PVM Model Parameter Estimation in Detector

The parameters for the Level Adaptation Process can be known in advance by both the Embedder and Detector, but sometimes might be dynamically set by the Embedder.

An example of dynamic setting of parameters is to ensure detectability for certain frames which have been identified as important. For example, the starting frame of an ad pod where a replacement ad insertion might occur could be marked as important, and the embedder could tune the parameters for optimal detectability at the expense of visual quality for that frame. Alternatively, when embedder is tasked to embed a message that doesn't include Forward Error Correction (FEC), the embedder may choose to boost robustness, while for frames that carry messages with FEC the embedder may choose to emphasize VQ.

Another example of dynamic setting of parameters uses continuous monitoring to maintain a minimum level of robustness: During embedding, the detectability of the embedded frame can be evaluated in real time by processing the embedded frames using processes similar to those found in the real broadcast path, then running a detector on those processed frames. A detection error metric can then be used to modulate some or all of the parameters to maintain robustness at a desired level.

Another example of dynamic setting of parameters is an embedder that keeps count of the number of undetectable symbols (“devilBitCount”)(e.g., where adjacentBrightness is black) andkeeps minSpreadBit0=0 until devilBitCount exceeds a threshold number of errors that can be corrected by the error detection/correction capability of the system.

In the case of dynamic parameter tuning in the embedder, the Detector can try to estimate the parameter values. Bit0Luma can be estimated as described above. Other embedding parameters such as percentDimmer, bit1Min, and bit1Nominal can be estimated using the techniques below.

First, bit1Nominal luma value will only be embedded if it is less than the proposedBitLevel, or if fixed strength embedding was done where bit 1Min=bit1Nominal. This can be determined by a histogram analysis:

- 1. Calculate a histogram of the watermark luma signal. As an example, for 8 bit luma signals, use a histogram with 256 bins ranging from 0 to 255
- 2. Find the peak bin for watermark luma values greater than 20.
- 3. Calculate the ratio of the histogram count for the peak bin to the count of all bins for luma greater than 20. This will be very close to 1.0 when PVM was not used and less than 0.5 when PVM was used during embedding. Note that this ratio might also be close to 1.0 when PVM is used but the adjacent luma has no variance, but the threshLuma calculations will be the same for both cases. If PVM was not used (or if adjacent luma has no variance) set the estimates for bit1Min and bit1Nominal to the peak bin index. If PVM was used (and adjacent luma varies) set only bit1Nominal to the peak bin index and estimate the other parameters as described below. Note that the embedding bit1Nominal could have been higher than this estimate, but since clipping doesn't occur in this frame this lower estimate will yield the same threshLuma results.

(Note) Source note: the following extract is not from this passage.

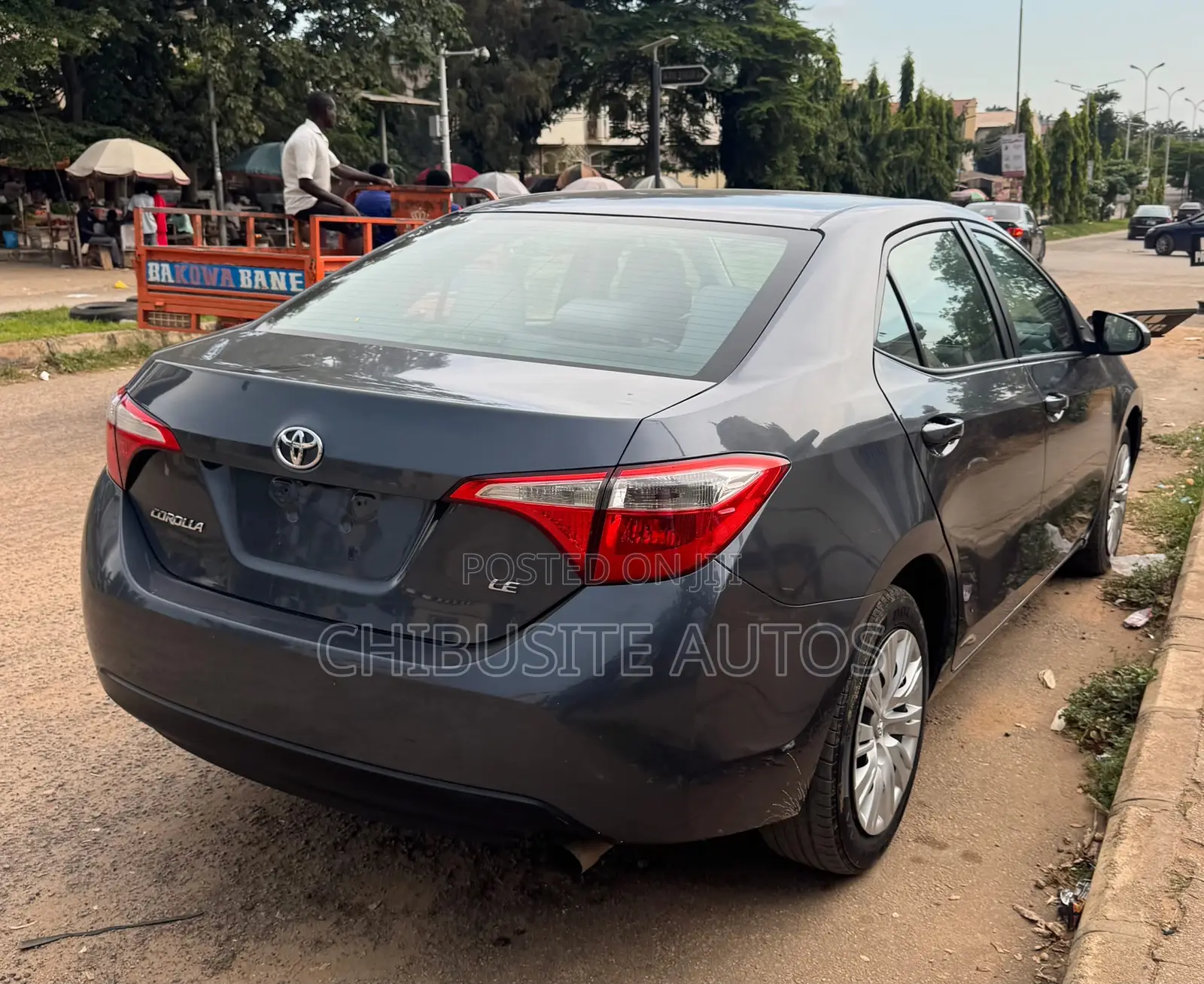 Toyota Corolla 2014 Gray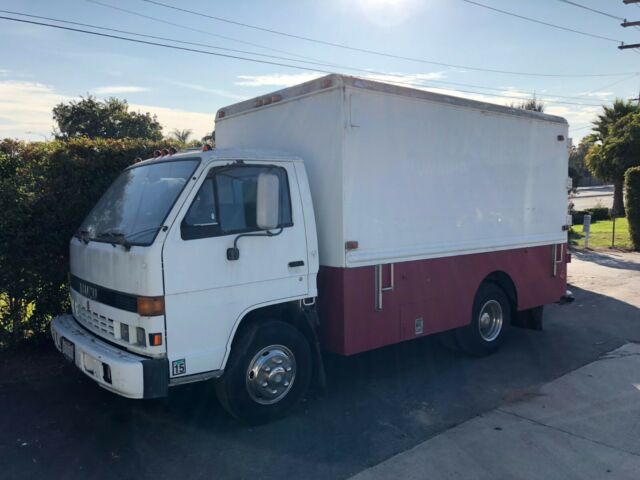 1994 Isuzu NPR NPR CARGO BOX TRUCK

This is illustrated in FIG. 7 which shows the received watermark luma signal and the luma of the adjacent host content. This watermark was embedded with percentDimmer=0.25, bit1Nominal=40, and bit1Min=20. The received symbols in middle of the payload have bit1Luma values ˜40 while the adjacentBrightness luma is steadily decreasing which indicates clipping to bit1Nominal has occurred. To estimate bit1Nominal, the 100^thsymbol is used and is marked with a vertical grid line. The average value of the luma across the pixels in the symbol is equal to 40, which is the same as embedded value.

bit1Min might also be exposed if adjacentBrightness is less than bit 1Min, and this can be detected in a similar way by observing different values for the received bit1Luma for symbols which are adjacent to different adjacentBrightness values. If this clipping is detected, the received bit1Luma can be used as the estimate for bit 1Min. In the example of FIG. 7, there is no apparent clipping to bit1Min, so it must be calculated as described below.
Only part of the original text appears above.